Diversity Requirement for Graduation
Being aware of the role we can play in educating our students for participation in a multicultural world, the Diversity & Cultural Enrichment Core Theme Council along with the Educational Achievement Core Theme Council has identified the following six diversity competencies we believe all students who seek an associate in arts and sciences DTA degree should learn through taking at least five credits from diversity courses (course highlighted with a “D” designation) during their term of study at WVC. The diversity requirement for graduation will be in effect starting with new students in Fall 2018. Every student seeking an associate in arts and sciences DTA degree will need to take at least five diversity credits to graduate.
1. Understanding Discrimination and Racism: An understanding of race and racism in the U.S. while also exploring the meaning of power and privilege, along with historical patterns, marginalization and demographics of American society in terms of race, ethnicity, gender, gender identity, sexual orientation, religion, ability and class differences.

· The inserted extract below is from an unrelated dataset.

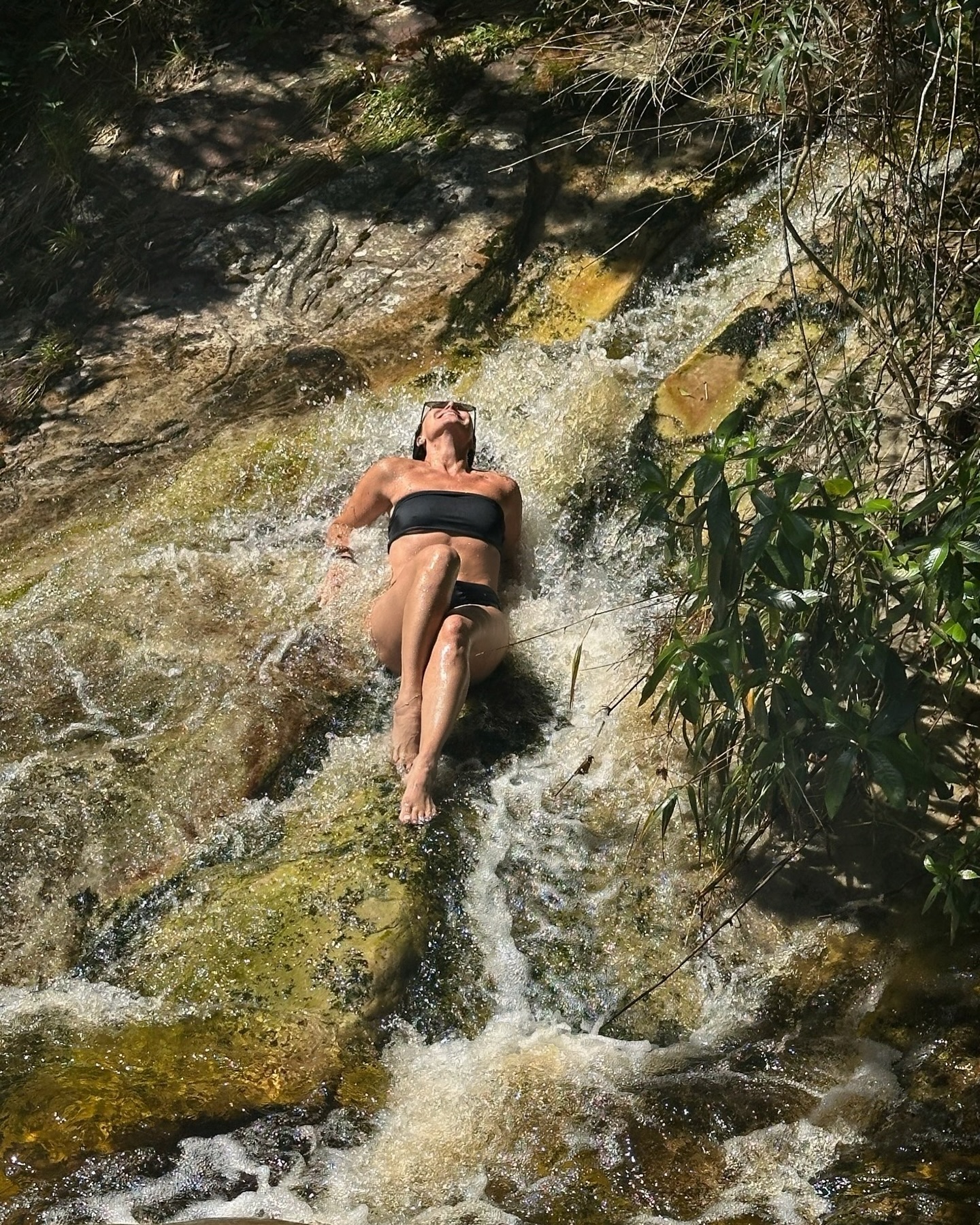 Giovanna Antonelli mostrou banho de cachoeira e recebeu elogios - Foto: Reprodução/ Instagram@giovannaantonelli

2. Self-reflection of Personal Identities and Bias: Self-reflection by students regarding one’s own personal identities, biases and personal prejudices, in a manner that is observable by the instructor. Expression of student’s cultural awareness, sensitivity, diversity and cultural competency.
3. Global or International Issues and Impact on U.S. Culture: Global or international issues, including the flow of people, religion, genocide, human rights violations, cultures, labor, capital, diseases, or resources past or present, across or within geographical borders with an emphasis on the global understanding of the diversity of United States culture and other cultures across the globe.
4. Identity Development and Intersectionality: Exploring how race, class, gender and other categories of difference are socially constructed, flexible, and overlapping; how identities and their representations change over time; how different identities intersect with one another and are shaped by power, privilege and systemic discrimination.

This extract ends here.